Ensure the models are robust and reliable when applied to real experimental data, accounting for potential distribution drifts.
Integrate the models into the O2Physics framework for production use and store trained models for all suitable LHC periods in the CCDB.

It is important to note that our focus is not on identifying rare particle species, which requires more sophisticated methods. Instead, we aim to provide an alternative, more accurate method for filtering out background particles, specifically (anti)pions, (anti)kaons, and (anti)protons. This will enhance the overall quality of the data used in subsequent analyses.
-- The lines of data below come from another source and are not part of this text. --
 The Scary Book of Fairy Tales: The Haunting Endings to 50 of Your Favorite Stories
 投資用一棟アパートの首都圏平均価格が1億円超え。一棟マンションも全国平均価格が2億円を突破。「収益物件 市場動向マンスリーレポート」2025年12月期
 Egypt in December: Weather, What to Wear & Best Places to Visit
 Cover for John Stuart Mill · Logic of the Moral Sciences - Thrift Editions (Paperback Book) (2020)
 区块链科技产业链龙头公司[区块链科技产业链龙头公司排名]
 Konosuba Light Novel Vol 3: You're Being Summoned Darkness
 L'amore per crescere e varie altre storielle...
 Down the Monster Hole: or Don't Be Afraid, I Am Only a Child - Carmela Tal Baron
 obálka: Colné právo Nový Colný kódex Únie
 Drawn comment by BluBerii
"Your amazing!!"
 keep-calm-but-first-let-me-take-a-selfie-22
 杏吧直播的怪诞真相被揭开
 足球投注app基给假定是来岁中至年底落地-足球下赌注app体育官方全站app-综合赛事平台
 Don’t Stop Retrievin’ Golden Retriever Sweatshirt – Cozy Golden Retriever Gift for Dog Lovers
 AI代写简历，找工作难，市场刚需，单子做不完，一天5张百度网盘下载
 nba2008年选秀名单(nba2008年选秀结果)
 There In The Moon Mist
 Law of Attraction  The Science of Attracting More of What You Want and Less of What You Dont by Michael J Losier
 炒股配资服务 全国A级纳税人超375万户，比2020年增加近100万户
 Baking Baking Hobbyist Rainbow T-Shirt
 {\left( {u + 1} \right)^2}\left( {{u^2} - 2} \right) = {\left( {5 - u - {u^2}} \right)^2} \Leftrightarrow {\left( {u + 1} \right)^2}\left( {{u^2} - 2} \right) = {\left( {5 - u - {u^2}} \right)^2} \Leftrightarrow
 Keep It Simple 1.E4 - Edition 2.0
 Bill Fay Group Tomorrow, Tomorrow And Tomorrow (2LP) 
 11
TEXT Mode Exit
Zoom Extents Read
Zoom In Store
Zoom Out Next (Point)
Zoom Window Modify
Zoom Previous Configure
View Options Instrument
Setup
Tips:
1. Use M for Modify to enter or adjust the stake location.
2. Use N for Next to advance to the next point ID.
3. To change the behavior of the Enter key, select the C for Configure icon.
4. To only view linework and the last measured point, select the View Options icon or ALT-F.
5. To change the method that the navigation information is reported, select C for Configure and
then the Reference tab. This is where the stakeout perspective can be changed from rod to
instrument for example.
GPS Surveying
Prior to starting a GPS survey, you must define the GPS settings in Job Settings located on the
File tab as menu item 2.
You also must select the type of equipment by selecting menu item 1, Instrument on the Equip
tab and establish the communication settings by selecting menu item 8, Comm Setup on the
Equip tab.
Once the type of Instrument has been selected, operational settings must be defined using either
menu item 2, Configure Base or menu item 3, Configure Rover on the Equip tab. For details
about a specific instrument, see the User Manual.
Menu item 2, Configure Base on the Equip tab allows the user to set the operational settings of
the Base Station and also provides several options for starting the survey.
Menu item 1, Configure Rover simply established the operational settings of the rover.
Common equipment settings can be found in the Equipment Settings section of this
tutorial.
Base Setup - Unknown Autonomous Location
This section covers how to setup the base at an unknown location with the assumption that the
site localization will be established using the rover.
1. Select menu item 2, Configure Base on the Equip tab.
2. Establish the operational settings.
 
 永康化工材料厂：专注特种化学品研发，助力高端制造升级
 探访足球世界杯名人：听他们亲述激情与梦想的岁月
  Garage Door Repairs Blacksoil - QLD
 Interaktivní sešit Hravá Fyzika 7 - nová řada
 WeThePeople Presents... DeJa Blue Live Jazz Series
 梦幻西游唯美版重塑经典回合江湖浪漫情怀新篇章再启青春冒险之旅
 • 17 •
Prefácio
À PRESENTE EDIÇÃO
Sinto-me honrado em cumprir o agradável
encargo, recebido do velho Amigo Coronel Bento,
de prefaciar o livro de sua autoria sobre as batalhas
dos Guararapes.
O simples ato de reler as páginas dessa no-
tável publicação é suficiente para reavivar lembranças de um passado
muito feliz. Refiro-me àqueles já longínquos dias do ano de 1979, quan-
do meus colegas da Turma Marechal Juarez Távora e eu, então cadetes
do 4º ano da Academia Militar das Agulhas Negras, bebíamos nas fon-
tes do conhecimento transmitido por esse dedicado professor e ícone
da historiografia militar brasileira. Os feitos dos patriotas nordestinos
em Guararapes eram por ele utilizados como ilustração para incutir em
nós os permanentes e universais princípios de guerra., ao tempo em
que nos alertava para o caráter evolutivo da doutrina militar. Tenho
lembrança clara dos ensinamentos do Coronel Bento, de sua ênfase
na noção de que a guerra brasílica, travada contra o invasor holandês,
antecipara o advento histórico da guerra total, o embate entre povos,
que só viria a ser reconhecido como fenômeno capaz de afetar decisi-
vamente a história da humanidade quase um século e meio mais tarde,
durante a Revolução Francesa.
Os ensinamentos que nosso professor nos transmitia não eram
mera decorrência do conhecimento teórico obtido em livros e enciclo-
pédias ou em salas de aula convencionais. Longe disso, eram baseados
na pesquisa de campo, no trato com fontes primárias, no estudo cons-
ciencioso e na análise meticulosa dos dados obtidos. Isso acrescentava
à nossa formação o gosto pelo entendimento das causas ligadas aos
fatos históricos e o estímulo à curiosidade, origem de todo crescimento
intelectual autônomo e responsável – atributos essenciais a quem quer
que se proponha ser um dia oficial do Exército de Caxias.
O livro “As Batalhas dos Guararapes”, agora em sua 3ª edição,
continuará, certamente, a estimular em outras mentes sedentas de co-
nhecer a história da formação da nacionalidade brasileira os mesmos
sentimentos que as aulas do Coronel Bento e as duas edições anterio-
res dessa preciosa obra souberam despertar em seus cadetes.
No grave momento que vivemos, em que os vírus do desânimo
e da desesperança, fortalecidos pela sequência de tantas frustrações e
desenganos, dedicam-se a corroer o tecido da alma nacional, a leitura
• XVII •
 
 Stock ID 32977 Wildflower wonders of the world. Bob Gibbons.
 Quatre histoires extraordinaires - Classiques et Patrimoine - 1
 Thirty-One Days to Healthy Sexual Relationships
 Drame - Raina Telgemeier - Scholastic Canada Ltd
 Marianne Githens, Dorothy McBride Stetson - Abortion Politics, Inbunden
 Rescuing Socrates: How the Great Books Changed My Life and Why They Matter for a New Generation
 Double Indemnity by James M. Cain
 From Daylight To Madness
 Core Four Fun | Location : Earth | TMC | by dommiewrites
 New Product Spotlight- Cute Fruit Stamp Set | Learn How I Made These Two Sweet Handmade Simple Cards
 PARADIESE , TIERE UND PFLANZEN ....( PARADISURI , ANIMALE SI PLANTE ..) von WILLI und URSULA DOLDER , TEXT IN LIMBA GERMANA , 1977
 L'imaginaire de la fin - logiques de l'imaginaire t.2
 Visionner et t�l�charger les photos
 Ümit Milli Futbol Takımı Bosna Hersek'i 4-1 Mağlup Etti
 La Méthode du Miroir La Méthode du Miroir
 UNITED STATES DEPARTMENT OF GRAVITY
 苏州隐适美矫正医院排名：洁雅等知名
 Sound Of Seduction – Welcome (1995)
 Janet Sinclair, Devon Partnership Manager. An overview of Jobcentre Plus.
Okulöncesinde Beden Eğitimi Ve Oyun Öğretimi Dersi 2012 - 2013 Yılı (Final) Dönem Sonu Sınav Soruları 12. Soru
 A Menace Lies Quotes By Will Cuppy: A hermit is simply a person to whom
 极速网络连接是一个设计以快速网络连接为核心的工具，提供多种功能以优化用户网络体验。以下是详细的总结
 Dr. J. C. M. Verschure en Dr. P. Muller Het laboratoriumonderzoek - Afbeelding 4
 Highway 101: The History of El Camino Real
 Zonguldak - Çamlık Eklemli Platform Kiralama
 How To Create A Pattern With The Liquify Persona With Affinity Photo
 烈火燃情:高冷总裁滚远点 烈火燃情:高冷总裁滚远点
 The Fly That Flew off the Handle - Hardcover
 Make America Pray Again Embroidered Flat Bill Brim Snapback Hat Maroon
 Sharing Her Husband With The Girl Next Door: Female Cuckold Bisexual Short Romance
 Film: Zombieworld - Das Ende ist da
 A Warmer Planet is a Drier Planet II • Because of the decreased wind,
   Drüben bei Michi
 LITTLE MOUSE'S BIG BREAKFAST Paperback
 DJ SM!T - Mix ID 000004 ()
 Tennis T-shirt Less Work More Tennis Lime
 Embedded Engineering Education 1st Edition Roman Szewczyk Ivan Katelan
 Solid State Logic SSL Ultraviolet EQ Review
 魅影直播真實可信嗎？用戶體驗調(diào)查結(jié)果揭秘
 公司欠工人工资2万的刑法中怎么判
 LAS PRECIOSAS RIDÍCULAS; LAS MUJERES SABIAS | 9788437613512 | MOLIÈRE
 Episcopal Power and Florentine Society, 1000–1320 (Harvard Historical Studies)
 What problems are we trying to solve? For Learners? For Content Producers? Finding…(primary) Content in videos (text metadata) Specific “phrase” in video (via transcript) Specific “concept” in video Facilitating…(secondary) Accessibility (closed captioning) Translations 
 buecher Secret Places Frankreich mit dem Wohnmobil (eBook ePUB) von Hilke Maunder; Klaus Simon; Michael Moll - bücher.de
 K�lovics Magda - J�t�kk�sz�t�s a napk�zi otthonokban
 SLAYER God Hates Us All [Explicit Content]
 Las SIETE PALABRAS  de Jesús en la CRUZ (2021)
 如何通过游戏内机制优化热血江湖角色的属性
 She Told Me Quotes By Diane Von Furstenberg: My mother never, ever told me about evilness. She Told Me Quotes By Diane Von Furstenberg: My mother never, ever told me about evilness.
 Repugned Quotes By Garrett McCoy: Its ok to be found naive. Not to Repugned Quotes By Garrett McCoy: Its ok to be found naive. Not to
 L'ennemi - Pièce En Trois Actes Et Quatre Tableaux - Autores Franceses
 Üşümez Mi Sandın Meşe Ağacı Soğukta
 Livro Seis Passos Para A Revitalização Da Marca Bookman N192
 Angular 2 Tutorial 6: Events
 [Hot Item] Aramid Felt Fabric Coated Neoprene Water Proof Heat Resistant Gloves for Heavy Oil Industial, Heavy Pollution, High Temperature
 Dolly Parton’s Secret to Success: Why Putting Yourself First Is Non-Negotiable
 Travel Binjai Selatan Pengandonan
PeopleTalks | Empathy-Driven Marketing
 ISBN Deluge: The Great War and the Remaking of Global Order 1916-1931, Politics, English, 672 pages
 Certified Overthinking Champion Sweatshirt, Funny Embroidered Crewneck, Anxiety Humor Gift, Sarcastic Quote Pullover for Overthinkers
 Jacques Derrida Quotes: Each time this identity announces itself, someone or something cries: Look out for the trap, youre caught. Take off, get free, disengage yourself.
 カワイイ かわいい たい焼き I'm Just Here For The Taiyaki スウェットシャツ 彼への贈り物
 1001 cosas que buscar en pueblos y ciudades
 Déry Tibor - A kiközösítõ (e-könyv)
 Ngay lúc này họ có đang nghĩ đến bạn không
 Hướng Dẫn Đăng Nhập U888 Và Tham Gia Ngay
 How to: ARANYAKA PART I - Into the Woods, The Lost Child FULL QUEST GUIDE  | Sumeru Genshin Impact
Due to the highly imbalanced nature of the dataset—where the majority of particles produced in collisions are pions—we employ binary classifiers for each targeted particle species. This approach allows us to handle the imbalance more effectively. Additionally, the dataset often contains missing data, as certain detectors: TOF and TRD are not always available. For instance, in Run 3, TOF data is rarely available, even though it is crucial for classification. To address this, we train either:

Six models that can handle missing data directly, or
Twenty-four models, each tailored to specific combinations of missing detectors.

Our data preprocessing pipeline is implemented using the O2Physics PIDMLProducer task, which extracts the necessary features from raw data for training and inference. This ensures that the input to our ML models is consistent and optimized for the task at hand.

Datasets

The training datasets for this project are pre-produced and stored on CERNBox. To begin working with the data, download it to the data/raw directory in your local project structure. These datasets are derived from Monte Carlo (MC) simulations and experimental data of various LHC periods for Run3.

For additional metadata about the datasets, such as finding corresponding experimental data for a specific LHC period (e.g., LHC24b1b), you can use the MonALISA tool. Simply search for the desired period to retrieve relevant information.

Project structure

The project is organized into the following main directories and files:

data/
Stores raw and processed datasets used for training and evaluation.
- raw/: Contains unprocessed ROOT data files.
- processed/: Contains preprocessed data ready for use in training and testing.
experiments/
Contains configurations for various experiments, such as hyperparameter sweeps.
results/
Stores logs generated during training, testing, and hyperparameter tuning. Organized by experiment type.
notebooks/
Contains Jupyter notebooks for exploratory data analysis (EDA), visualization, and model comparison.
scripts/
Includes Python scripts for training, testing, and sweeping models. Examples include train_one_particle.py and sweep_one_particle.py.
src/
The main source code directory for the project. Contains modules for data preparation, engine implementations, model definitions, and configuration handling.
default_config.json
The default configuration file for training and testing runs.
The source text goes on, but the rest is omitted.